Data:
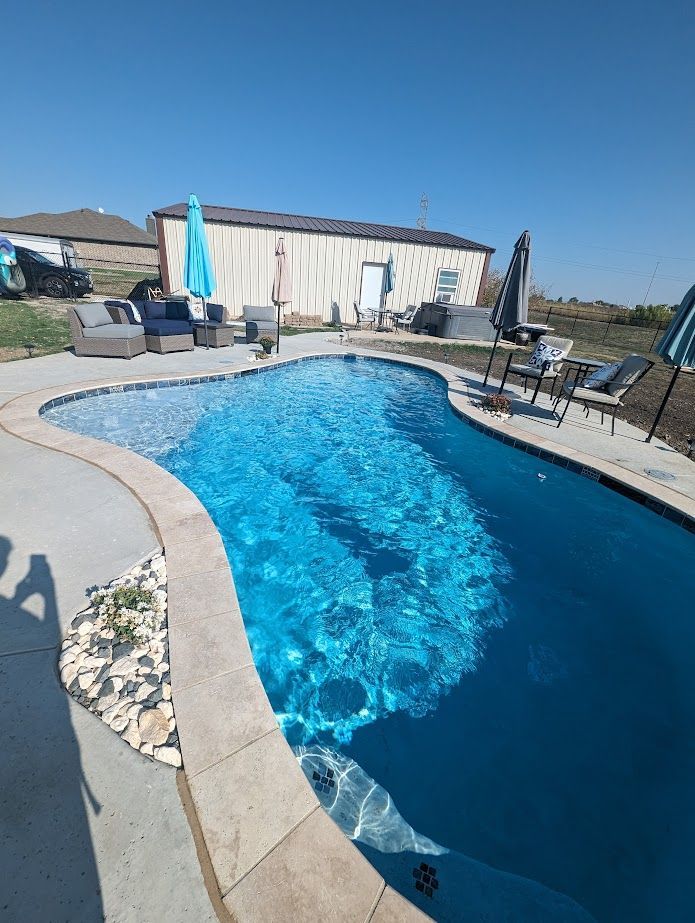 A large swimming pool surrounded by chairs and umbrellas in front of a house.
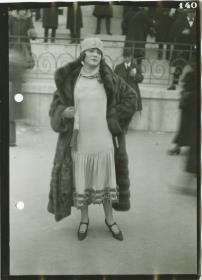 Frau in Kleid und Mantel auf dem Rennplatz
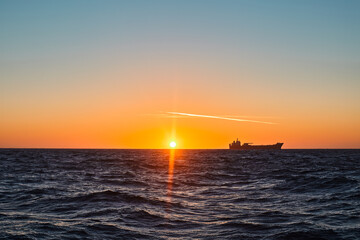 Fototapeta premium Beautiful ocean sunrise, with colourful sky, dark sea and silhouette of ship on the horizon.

...

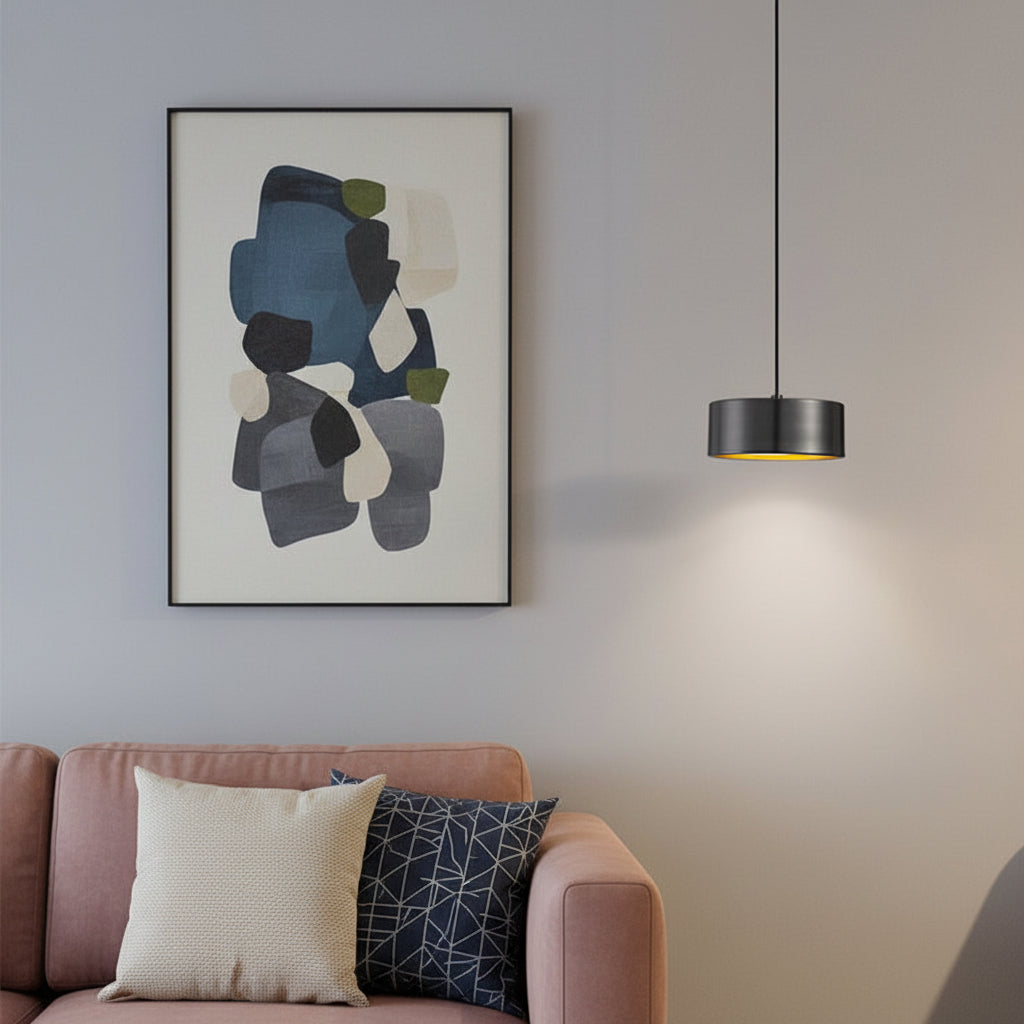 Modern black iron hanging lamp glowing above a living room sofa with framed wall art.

Work item: From the records above, copy exactly the stretch from the line holding "A large swimming" through the line holding "Fototapeta premium Beautiful", both ends included, without the pictures.

Solution below:
 A large swimming pool surrounded by chairs and umbrellas in front of a house.
 Frau in Kleid und Mantel auf dem Rennplatz
 Fototapeta premium Beautiful ocean sunrise, with colourful sky, dark sea and silhouette of ship on the horizon.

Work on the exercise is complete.